● **Task instructions**
The answer is to be the lines below that lie between the line holding "Iveco Daily 2.8 Unijet 2003, photo 2" and the line holding "Стрічка 50 мм койот 2834-50-0810", inclusive, transcribed exactly and free of pictures.

● **Exercise input**
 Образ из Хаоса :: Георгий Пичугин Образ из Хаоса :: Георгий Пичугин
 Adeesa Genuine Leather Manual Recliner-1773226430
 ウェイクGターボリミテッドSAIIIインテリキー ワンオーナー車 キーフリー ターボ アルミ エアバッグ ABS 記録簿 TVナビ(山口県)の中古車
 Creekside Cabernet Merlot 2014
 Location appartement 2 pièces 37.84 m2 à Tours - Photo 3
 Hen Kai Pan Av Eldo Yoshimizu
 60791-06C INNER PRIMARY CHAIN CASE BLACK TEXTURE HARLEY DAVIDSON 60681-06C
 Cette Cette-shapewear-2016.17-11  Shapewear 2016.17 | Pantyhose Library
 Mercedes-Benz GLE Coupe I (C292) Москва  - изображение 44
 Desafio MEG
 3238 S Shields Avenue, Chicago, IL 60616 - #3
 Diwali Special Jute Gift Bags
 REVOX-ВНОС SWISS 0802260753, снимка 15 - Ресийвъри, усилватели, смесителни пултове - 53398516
* * *
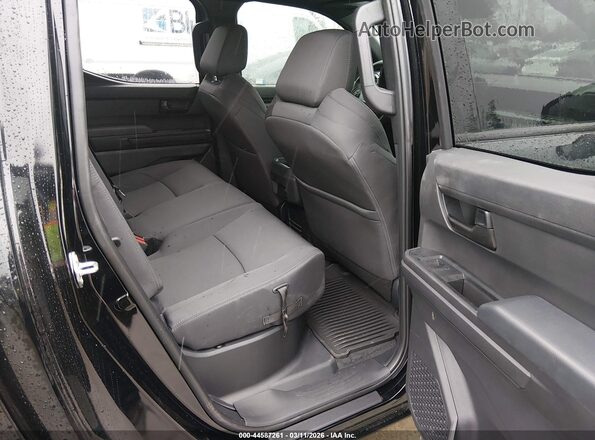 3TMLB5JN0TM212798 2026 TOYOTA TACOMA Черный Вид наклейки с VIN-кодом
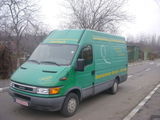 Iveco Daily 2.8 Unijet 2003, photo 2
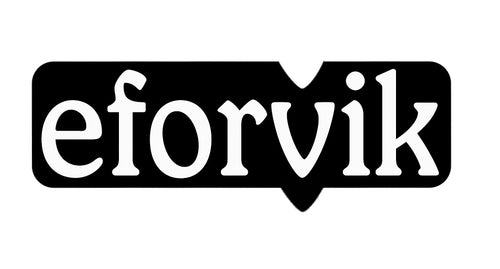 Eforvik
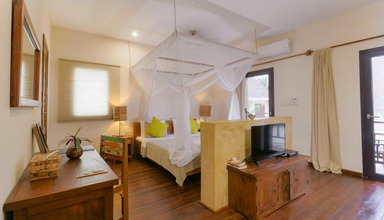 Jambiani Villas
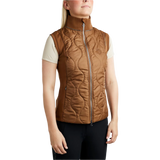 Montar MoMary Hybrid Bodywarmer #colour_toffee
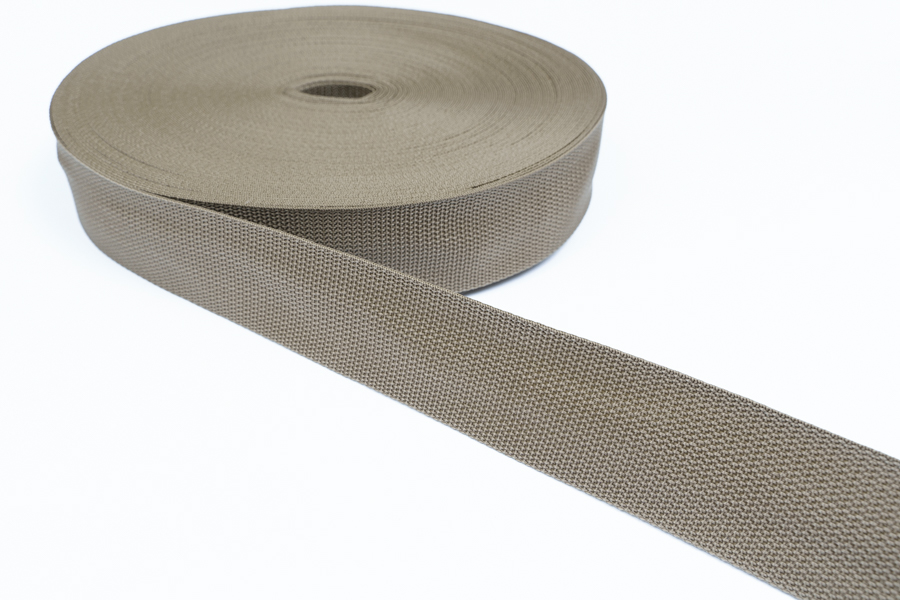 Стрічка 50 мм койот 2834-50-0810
--
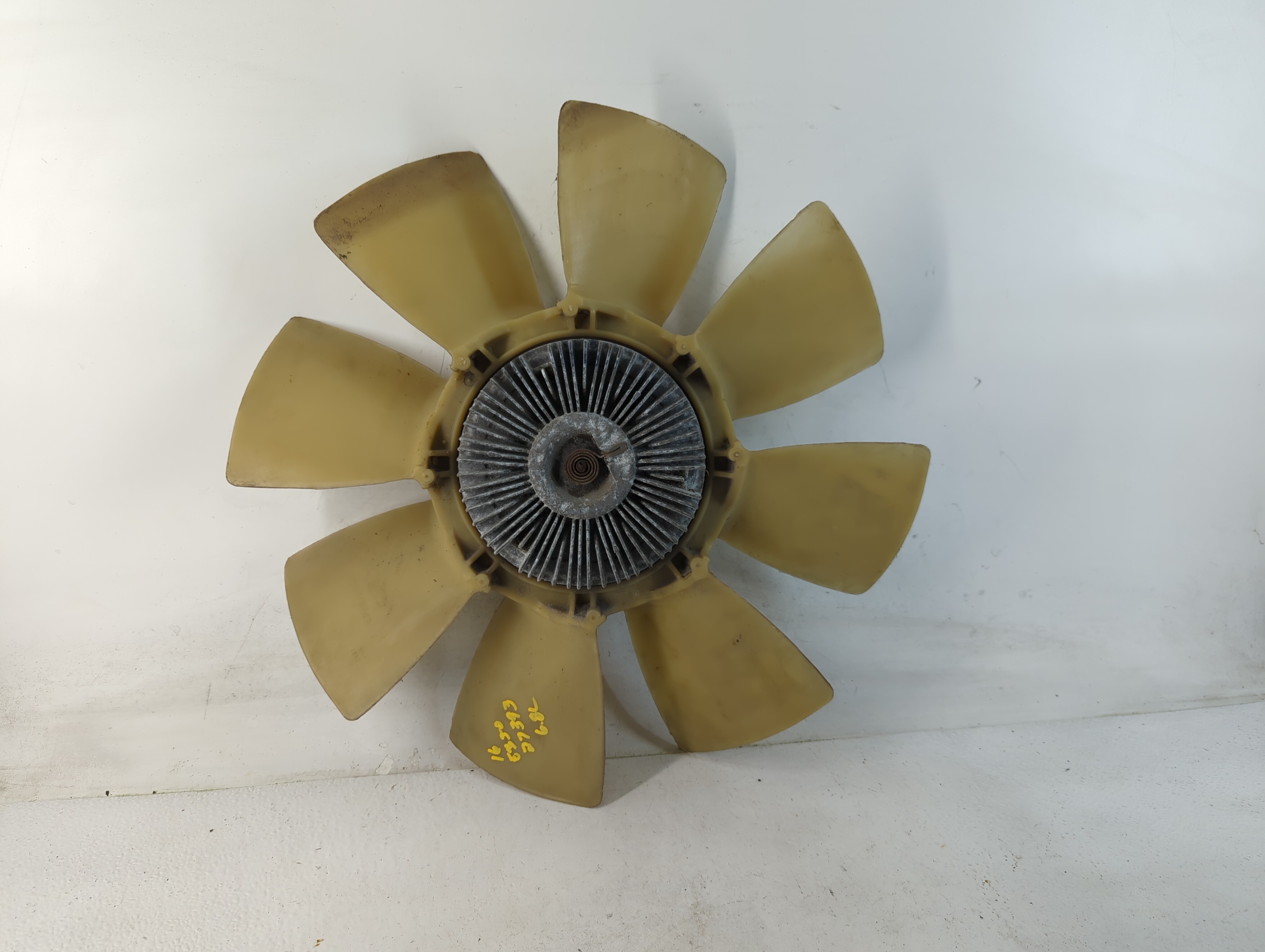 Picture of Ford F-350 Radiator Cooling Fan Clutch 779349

● **Response to the exercise**
 Iveco Daily 2.8 Unijet 2003, photo 2
 Eforvik
 Jambiani Villas
 Montar MoMary Hybrid Bodywarmer #colour_toffee
 Стрічка 50 мм койот 2834-50-0810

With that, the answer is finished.